Friday, August 19, 2011

Practice Makes Crazy, Sometimes

In an interview with Dennis Morton on The Poetry Show radio show (scroll to the date 8/14/11), poet Troy Jollimore, in addition to reading many of his singular poems, answered a question about his writing practice with the following comforting admission. Jollimore said that he didn't have a writing practice that worked effectively for a long period of time, that he would find a practice or routine that worked for awhile, and then it would stop working, and he would have to find another.

Furthermore, he reported that he himself had received solace from the visits of poets Jane Hirshfield and James Richardson to the campus where he taught (I think it's Chico State), whose responses to the question of writing practice were that they did not write every day. Even an  award-winning poet like Jollimore found that helpful for his anxieties.
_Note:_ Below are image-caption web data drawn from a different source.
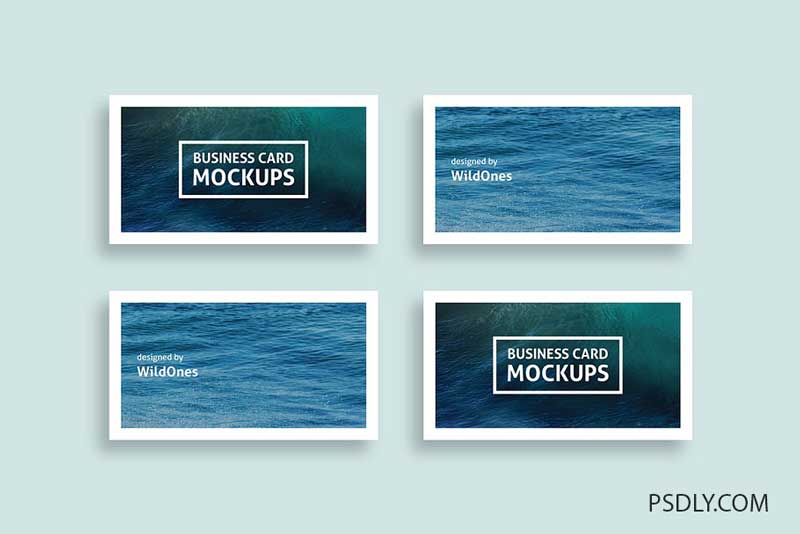 Simple Business Card Mockups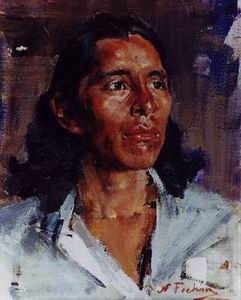 Character A oil painting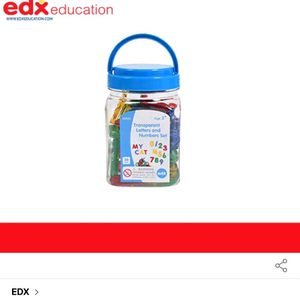 edx투명 알파벳과 숫자 세트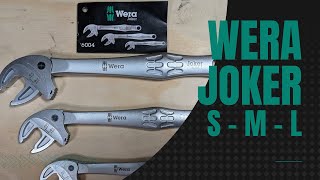 Wera Joker 6004  Self Setting  Self Adjusting Wrench – S – M – L – Tool Review [upl. by Ednalrym]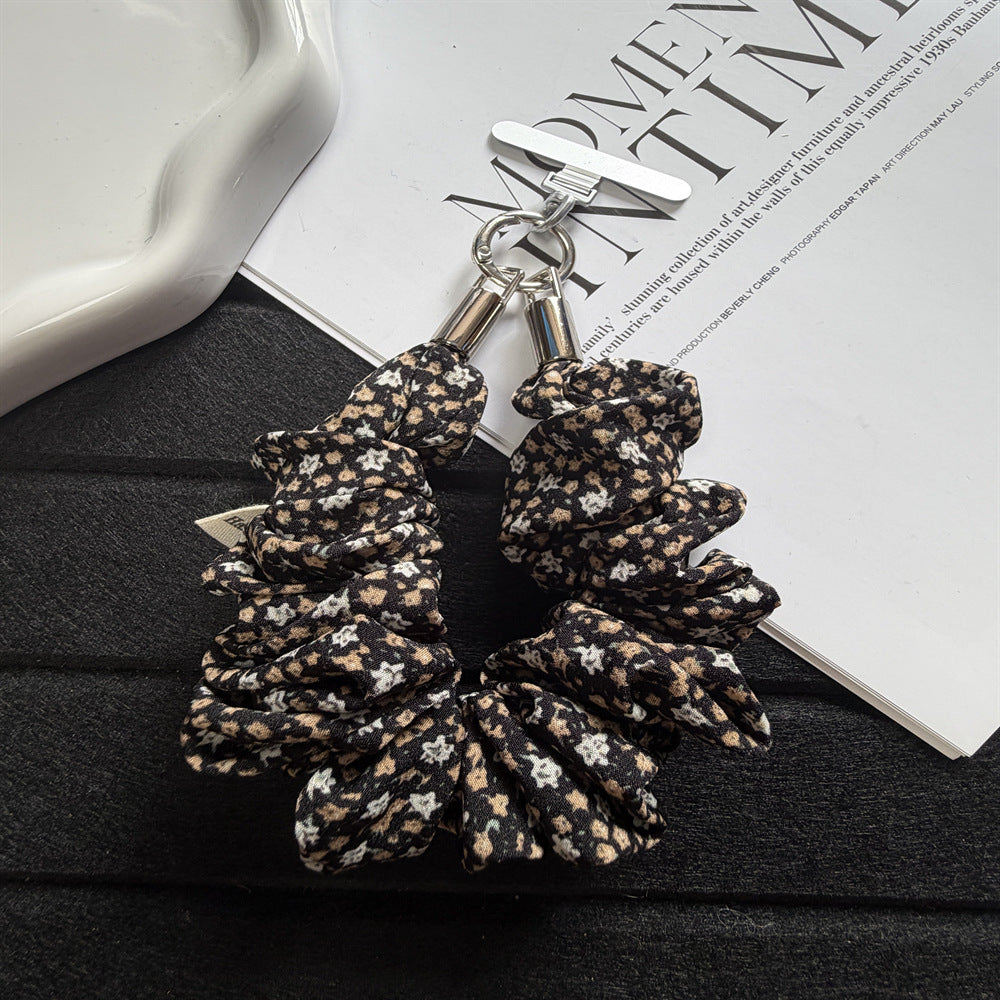 Decorative Floral Pattern Hair Scrunchie Kalsten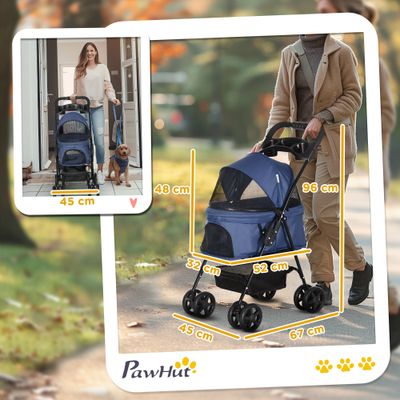 PawHut Cochecito para Mascota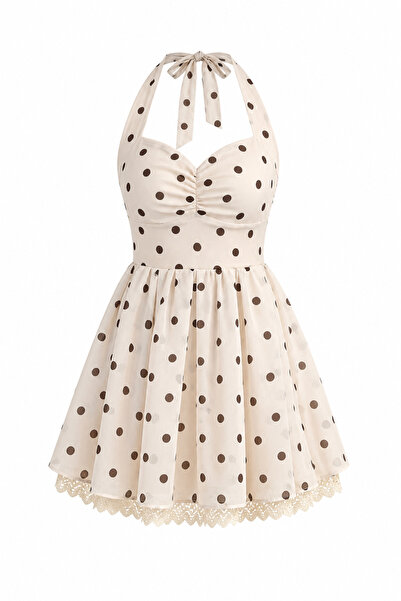 QUE STYLE Rochie mini cu buline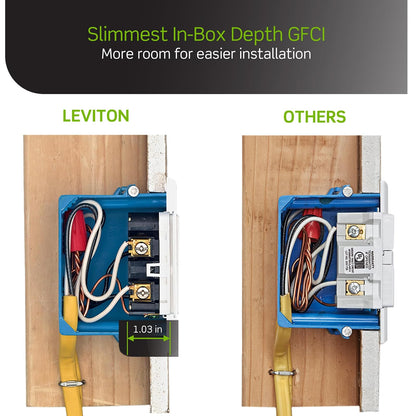 Leviton SmartlockPro receptáculo a prueba de alteraciones, con indicador LED, 20 Amp, Ivory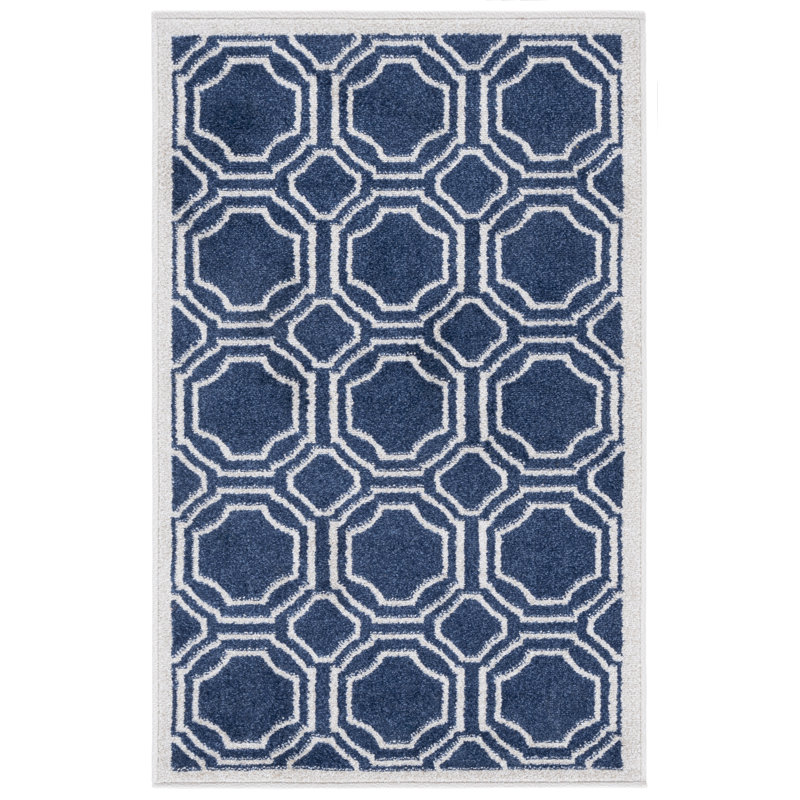 Tapis géométrique Amherst Performance, Rectangle 2 pi 6 po x 4 pi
I aspire to write daily and to have a  practice taken seriously not only by myself but by those around me, but these things don't happen always, with family and work and everything else going on. It's nice to be in such fine company, to know that others experience anxiety about practice and still prevail.

Enjoy the whole interview and especially Jollimore's generously-natured reading.


Mari said...

Jessica, I'm sure many poets don't write every day. Remember Ocean Vuong's interview you posted here? I think it's important that each of us finds a writing practice that works for *us*! Writing every day might be the way to go for some, not writing every day (and its various permutations) might work better for others. I'm tired of feeling ashamed for not following some prescribed "holy writing practice". Really, it's all so subjective... Thanks for this!

Jessica Goodfellow said...

Mari, I too was thinking about Ocean Vuong when I heard this podcast, and wrote this post. Then I wondered if I was being fair by twice presenting this side of writing practice (the irregular schedule) and not citing people who insist on the daily practice. Oh well. You can't read much about writing without hearing the daily practice theory, so I won't worry about it!